SSK, K2TOG, and how to use them

Knitting: A guide to decreases

11/22/13

There are a lot of ways to decrease the number of stitches in your knitting. One thing to consider is whether you want a "left-leaning" or "right-leaning" decrease. Meaning, which way do you want the lines to go?

K2TOG is one of the most common decreases, and it's the easiest one for beginning knitters to master. Instead of knitting one stitch on the left-hand needle, you push your needle through two stitches and knit them together. Boom: done. This is a right-leaning decrease.

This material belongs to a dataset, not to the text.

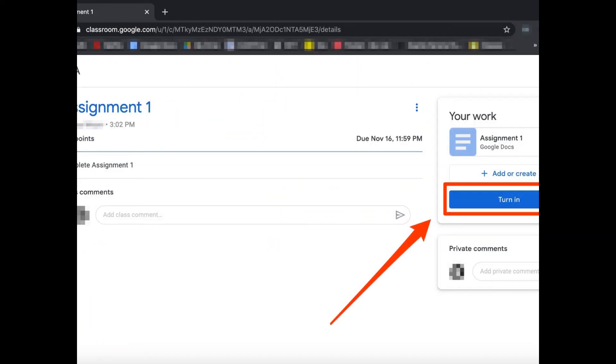As I showed you in yesterday's instruction video, you'll need to make sure you click on the turn in button, which is the blue button on the right hand side of your screen within your assignment. That will make sure that the teacher can see your submitted work for today's check-in.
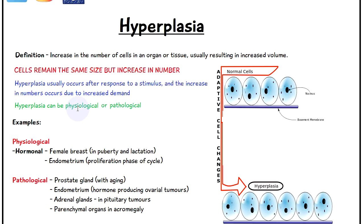Hyperplasia can be physiological or pathological — either physiological in terms of it being a normal process of the body, or pathological in relation to some form of disease.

SSK is the natural complement to K2TOG. It is a left-leaning decrease where you… well, that part depends. The classic instruction is to slip the next two stitches as if to knit, put them back on the left-hand needle, and knit them together through the back loop.

However, you get far better results with other methods of SSK. My personal favorite is to slip the first stitch as if to knit, the second as if to purl, then knit both through the back loop.

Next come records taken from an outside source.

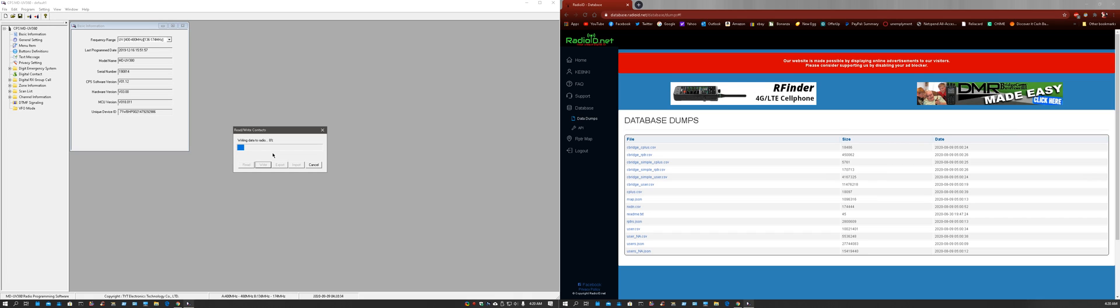And all the USA and Canadian contact IDs should be listed in the radio. When somebody is in the middle of transmitting, it should display that contact ID.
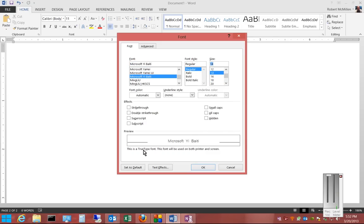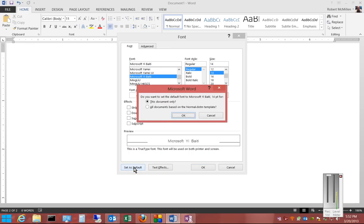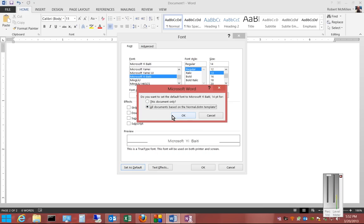When you're done, click Set as Default. You can set it for this document, or you can set it for all documents. If we choose All Documents, then it will change that even after we close and reopen the program.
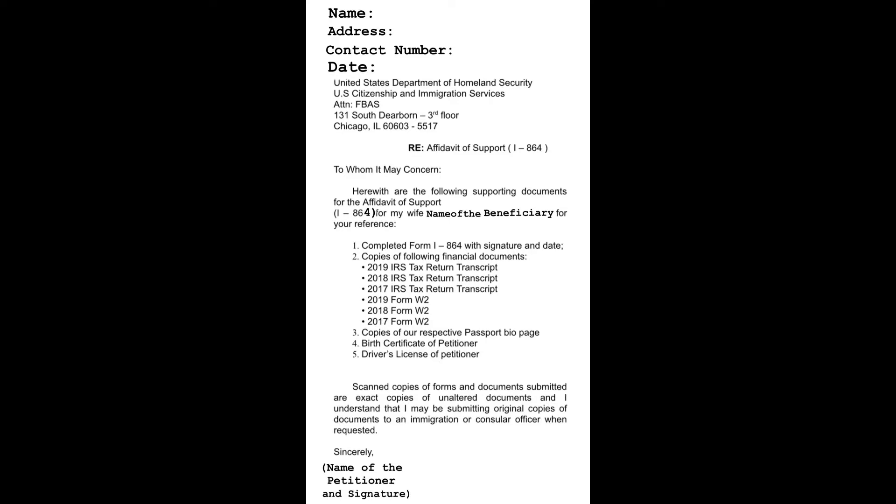RE: Affidavit of Support or I-864. To whom it may concern, herewith are the following supporting documents for the Affidavit of Support I-864 for my wife. Please put the full name of your wife over here. For your reference, here are the list of the requirements for Form I-864 or Affidavit of Support.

SSK is a bit trickier to master. I will admit that as a beginning knitter, whenever I encountered SSK I just ignored it and did K2TOG instead. Nobody died and I didn't get arrested, but my knitting didn't look as nice as it could have. Designers don't specify SSK just to mess with you, they do it because it works best for that spot in the pattern.

The next consideration is the placement. I have had this go wrong, myself. If you knit the same number of stitches before decreasing on every row, you will end up spiraling the decreases around (when knitting in the round) or putting them on a diagonal (if knitting back and forth).

Sometimes this is what you want, as with a line of raglan decreases. Other times it makes a weird spiral so that the garment doesn't fit right and looks strange. I made several weird hats and twisting pairs of fingerless mitts before I figured that one out.